I am trying to load a CSV file into a Neo4j database where the file contains different types of edges between nodes. I would like to load all the different types of edges from one file in one query (as opposed to breaking the file into separate files each containing a different type of edge).
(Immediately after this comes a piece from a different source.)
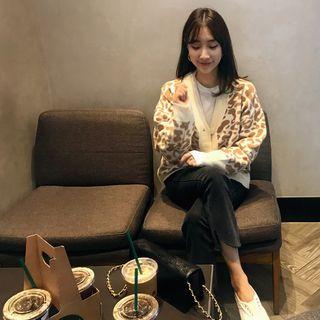 Drop-shoulder Leopard Cardigan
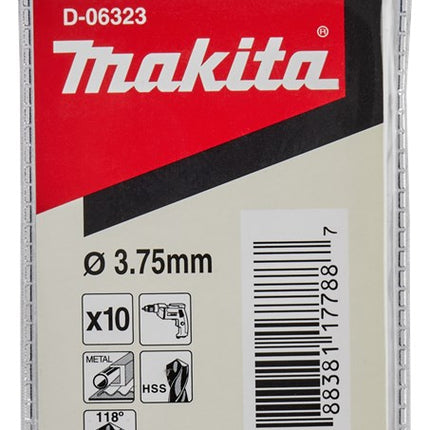 Makita Metaalboor 3,7X70mm 10 stuks HSS – D-06323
For instance:
Source|Target|Relationship
x1|y1|Creates
x2|y2|Uses
x3|y1|Uses
Cypher does not like the following load query:
LOAD CSV WITH HEADERS FROM 'file:///filename.csv' AS line FIELDTERMINATOR '|'
MERGE (x:Node {name: line.Source})
MERGE (y:Node {name: line.Target})
CREATE (x)-[:line.Relationship]->(y)
As suggested here, I can use APOC instead as the following:
LOAD CSV WITH HEADERS FROM 'file:///filename.csv' AS line FIELDTERMINATOR '|'
MERGE (x:Node {name: line.Source})
MERGE (y:Node {name: line.Target})
CALL apoc.create.relationship(x, line.relationship, y) YIELD rel
RETURN *
However, this performs very slowly when run on a large scale (50,000) compared to the first example, and I suspect it is related to YIELD rel RETURN *
. I am using Neo4j's .NET driver, and executing this query, returns a list of all the edges it has created.
Naively dropping YIELD
or RETURN
results in errors such as the following (see this for some explanation):
Query cannot conclude with CALL together with YIELD
So, I was wondering how best I can improve the above query, ideally without having to return or yield any of the results.